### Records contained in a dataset
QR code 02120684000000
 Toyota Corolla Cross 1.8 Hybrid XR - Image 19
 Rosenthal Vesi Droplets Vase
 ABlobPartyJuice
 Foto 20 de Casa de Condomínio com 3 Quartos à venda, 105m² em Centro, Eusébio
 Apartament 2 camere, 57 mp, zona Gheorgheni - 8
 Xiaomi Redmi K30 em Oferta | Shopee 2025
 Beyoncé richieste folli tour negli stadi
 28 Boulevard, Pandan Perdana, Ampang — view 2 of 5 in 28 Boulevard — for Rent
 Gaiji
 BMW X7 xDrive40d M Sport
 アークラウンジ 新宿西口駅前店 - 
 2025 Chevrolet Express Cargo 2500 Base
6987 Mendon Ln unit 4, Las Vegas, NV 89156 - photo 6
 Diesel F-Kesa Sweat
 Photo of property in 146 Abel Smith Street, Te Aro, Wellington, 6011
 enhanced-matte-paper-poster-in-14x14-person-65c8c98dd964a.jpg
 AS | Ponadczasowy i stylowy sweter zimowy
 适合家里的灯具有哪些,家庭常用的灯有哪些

### Task directions
Each line of the data has to be written out exactly as it appears.

### Response area
QR code 02120684000000
 Toyota Corolla Cross 1.8 Hybrid XR - Image 19
 Rosenthal Vesi Droplets Vase
 ABlobPartyJuice
 Foto 20 de Casa de Condomínio com 3 Quartos à venda, 105m² em Centro, Eusébio
 Apartament 2 camere, 57 mp, zona Gheorgheni - 8
 Xiaomi Redmi K30 em Oferta | Shopee 2025
 Beyoncé richieste folli tour negli stadi
 28 Boulevard, Pandan Perdana, Ampang — view 2 of 5 in 28 Boulevard — for Rent
 Gaiji
 BMW X7 xDrive40d M Sport
 アークラウンジ 新宿西口駅前店 - 
 2025 Chevrolet Express Cargo 2500 Base
6987 Mendon Ln unit 4, Las Vegas, NV 89156 - photo 6
 Diesel F-Kesa Sweat
 Photo of property in 146 Abel Smith Street, Te Aro, Wellington, 6011
 enhanced-matte-paper-poster-in-14x14-person-65c8c98dd964a.jpg
 AS | Ponadczasowy i stylowy sweter zimowy
 适合家里的灯具有哪些,家庭常用的灯有哪些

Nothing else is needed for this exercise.